The basic elements of East Asia’s success story are well known. At the outset of their respective take-offs (Japan in, say, 1950, South Korea, henceforth Korea, and Taiwan in about 1960, China around 1980), the four countries were relatively poor. Japan’s per capita GDP in purchasing power parities stood in 1950 at barely 20 per cent of the US level. Korea and Taiwan in 1960 were barely at the level of Sub-Saharan Africa, while China was below that level in 1980. By 2021, Japan, Korea and Taiwan had reached 65 to 90 per cent of the US level, while China, after four decades of above 8 per cent annual growth, was at a 30 per cent level. Hardly any other country, bar the city states of Hong Kong and Singapore, can boast of similar achievements.

Equally well-known are many of the explanations that have been put forward for this exceptional experience. A major investigation by the World Bank stressed a number of features of the East Asian model which were conducive to growth: high rates of savings and investment in both physical and human capital, conservative macroeconomic policies, homogenous societies, competent bureaucracies, etc. (World Bank, 1993).

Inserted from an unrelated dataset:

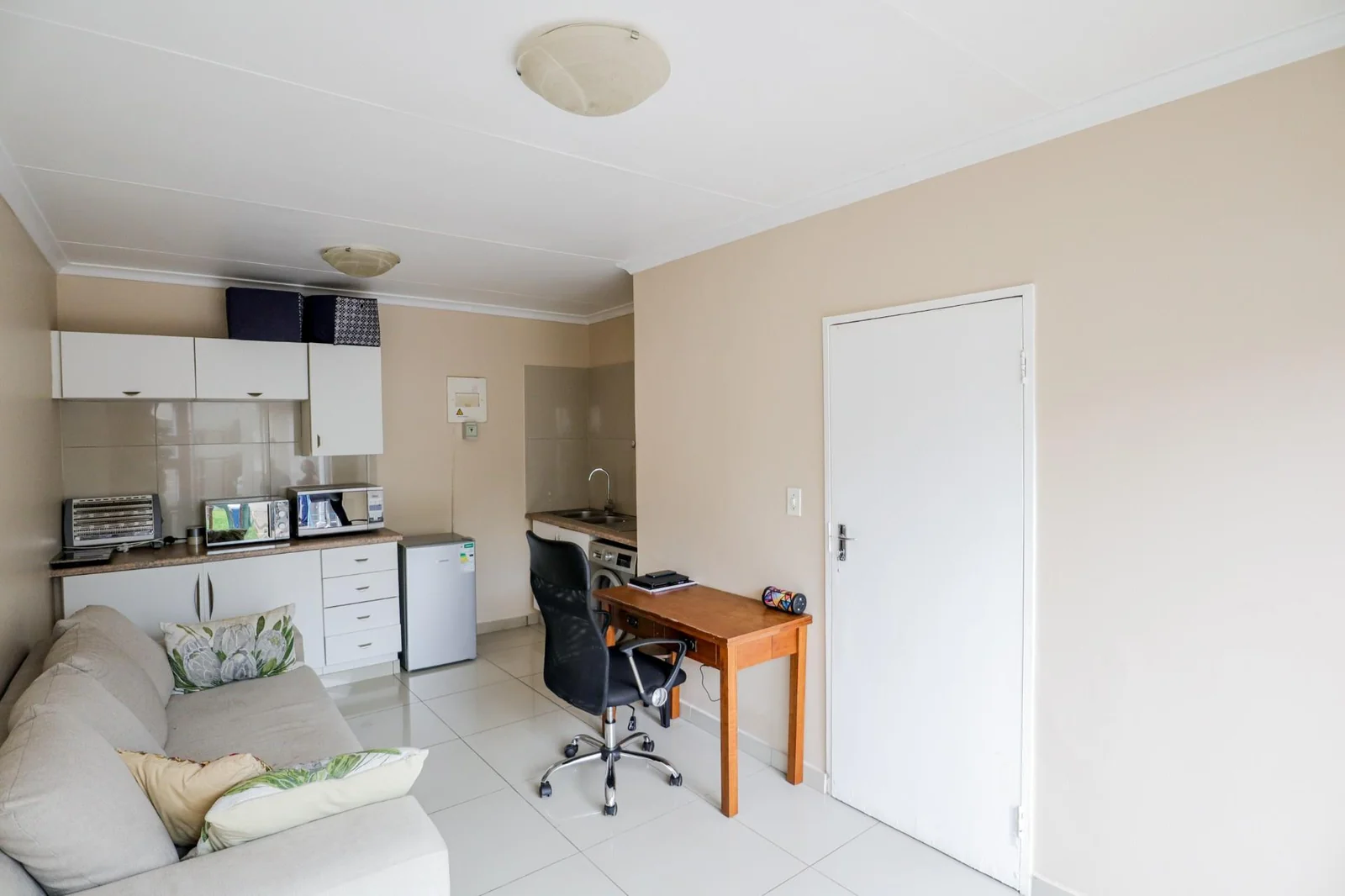 DREAM HOME ALERT! STUNNING 3-BED + CHIC COTTAGE + SUN-DRENCHED GARDENS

That same investigation, however, attributed only a rather minor role at best to interventionist economic policies, as did a number of other works on this issue (e.g., Little, 1979; Calder, 1993; Little et al., 1994; Beason and Weinstein, 1996; Pack and Saggi, 2006).

This very brief paper takes a new look at the issue by examining not so much the overall growth record but the changes in the comparative advantage of the four countries over the 1950-2020 period. At the outset, these countries were seen as relatively labour abundant developing economies, fit no doubt for simple labour-intensive sectors such as textiles and clothing, but highly unlikely to prosper in advanced manufacturing industries. Today, Japan, Korea and Taiwan are considered high-tech powerhouses while China is close to becoming one. Section I looks at what happened to their comparative advantage in one particular advanced sector. Section II looks for explanations and a final paragraph concludes.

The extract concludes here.